Two University researchers earn $1.5 million grants
Support comes from the Bill & Melinda Gates Foundation
Two University of Rochester researchers—Chunlei Guo, a professor with the University’s Institute of Optics; and Kirsi Jarvinen-Seppo, Founders’ Distinguished Professor of Pediatric Allergy and an associate professor of pediatric allergy/immunology and allergy/immunology, and rheumatology—were recently awarded separate $1.5 million grants from the Bill & Melinda Gates Foundation, which is the largest private foundation in the world. These are the largest Gates Foundation grants ever awarded in the University’s history.
“Many of the world’s biggest problems are being addressed, and even solved, in the labs and minds of researchers like these,” said Rob Clark, provost and senior vice president for research at Rochester. “We are grateful to the Bill & Melinda Gates Foundation for recognizing and supporting our researchers, and seeing how their work could have a major, global humanitarian impact.”
Both Guo’s and Jarvinen-Seppo’s projects are focused on finding much-needed solutions to global problems, such as illness and mortality, that are associated with poor sanitation and nutrition.
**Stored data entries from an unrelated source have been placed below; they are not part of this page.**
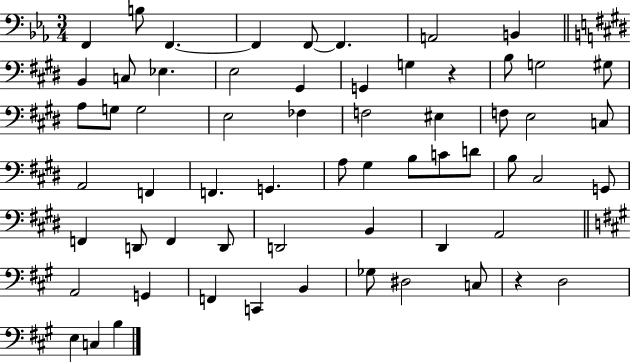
{
  \clef bass
  \numericTimeSignature
  \time 3/4
  \key ees \major
  f,4 b8 f,4.~~ | f,4 f,8~~ f,4. | a,2 b,4 | \bar "||" \break \key e \major b,4 c8 ees4. | e2 gis,4 | g,4 g4 r4 | b8 g2 gis8 | \break a8 g8 g2 | e2 fes4 | f2 eis4 | f8 e2 c8 | \break a,2 f,4 | f,4. g,4. | a8 gis4 b8 c'8 d'8 | b8 cis2 g,8 | \break f,4 d,8 f,4 d,8 | d,2 b,4 | dis,4 a,2 | \bar "||" \break \key a \major a,2 g,4 | f,4 c,4 b,4 | ges8 dis2 c8 | r4 d2 | \break e4 c4 b4 | \bar "|."
} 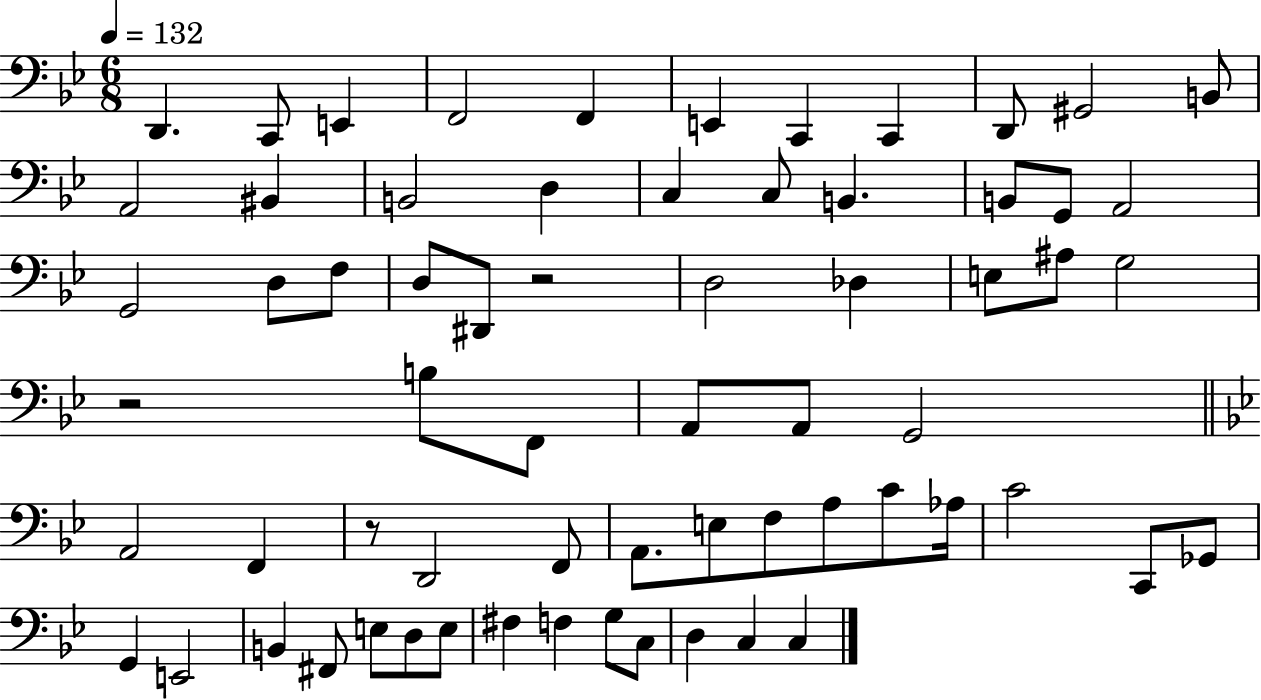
D2/q. C2/e E2/q F2/h F2/q E2/q C2/q C2/q D2/e G#2/h B2/e A2/h BIS2/q B2/h D3/q C3/q C3/e B2/q. B2/e G2/e A2/h G2/h D3/e F3/e D3/e D#2/e R/h D3/h Db3/q E3/e A#3/e G3/h R/h B3/e F2/e A2/e A2/e G2/h A2/h F2/q R/e D2/h F2/e A2/e. E3/e F3/e A3/e C4/e Ab3/s C4/h C2/e Gb2/e G2/q E2/h B2/q F#2/e E3/e D3/e E3/e F#3/q F3/q G3/e C3/e D3/q C3/q C3/q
Consider this: More than 35 percent of the world’s population—an estimated 2.5 billion people—lack adequate sanitation facilities. This is estimated to cause nearly 300,000 diarrheal deaths annually and is linked to cholera, dysentery, hepatitis A, typhoid, and polio, among other diseases.
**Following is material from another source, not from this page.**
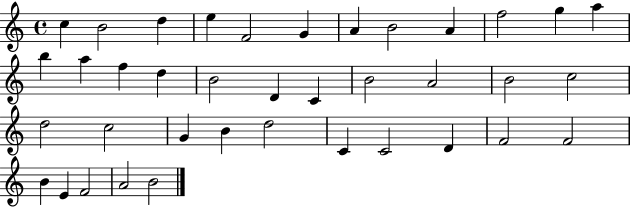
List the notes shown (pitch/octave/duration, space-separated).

C5/q B4/h D5/q E5/q F4/h G4/q A4/q B4/h A4/q F5/h G5/q A5/q B5/q A5/q F5/q D5/q B4/h D4/q C4/q B4/h A4/h B4/h C5/h D5/h C5/h G4/q B4/q D5/h C4/q C4/h D4/q F4/h F4/h B4/q E4/q F4/h A4/h B4/h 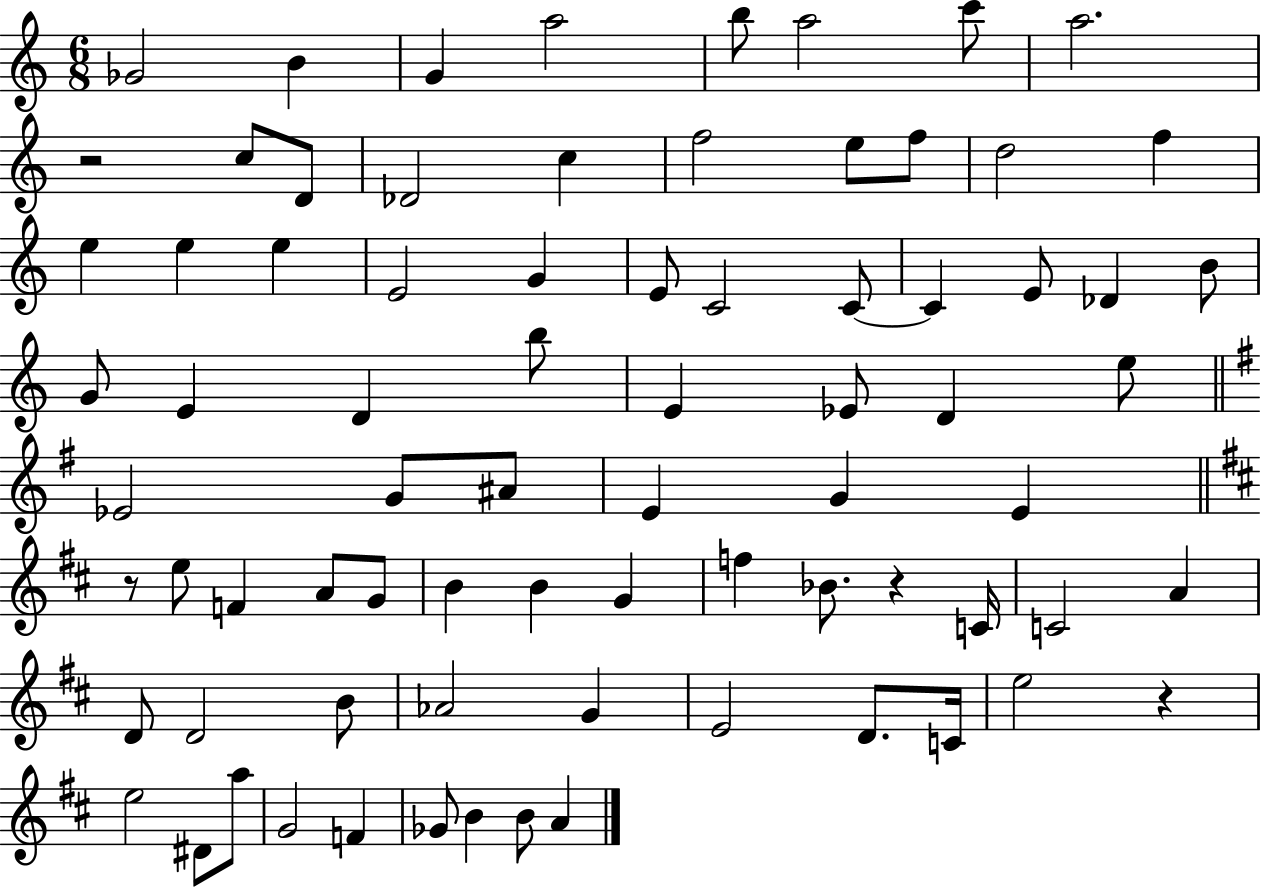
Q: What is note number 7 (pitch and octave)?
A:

These diseases could be avoided if people had access to clean facilities and could practice proper hand washing. But clean water is scarce in many parts of the developing world, making disease prevention difficult.
Guo is developing alternative sanitation systems to address the problems associated with the lack of clean water. He was awarded his first $100,000 grant from the Bill & Melinda Gates Foundation in 2011 to develop sanitation technology with extremely water-repellent, or superhydrophobic, materials. He received a similar $100,000 grant from the foundation in 2012, and a third grant for $400,000 in 2014.
With Guo’s new grant funding, he and his team will partner with the China-based Changchun Institute of Optics, Fine Metals, and Physics to develop a prototype system that they will deploy and field-test in an African community. The system will include a modular fecal-phobic treated plastic drop hole liner with trap door and solid waste, wet waste, rain water, and cooling systems that use Guo’s superhydrophobic technology, which can actually self-clean.
“Our system will provide a sanitary experience while being cost-effective and easy to install and will not require external energy or sewage systems,” Guo added. “It is my hope that we can create a real-world application to waste management systems in developing countries.”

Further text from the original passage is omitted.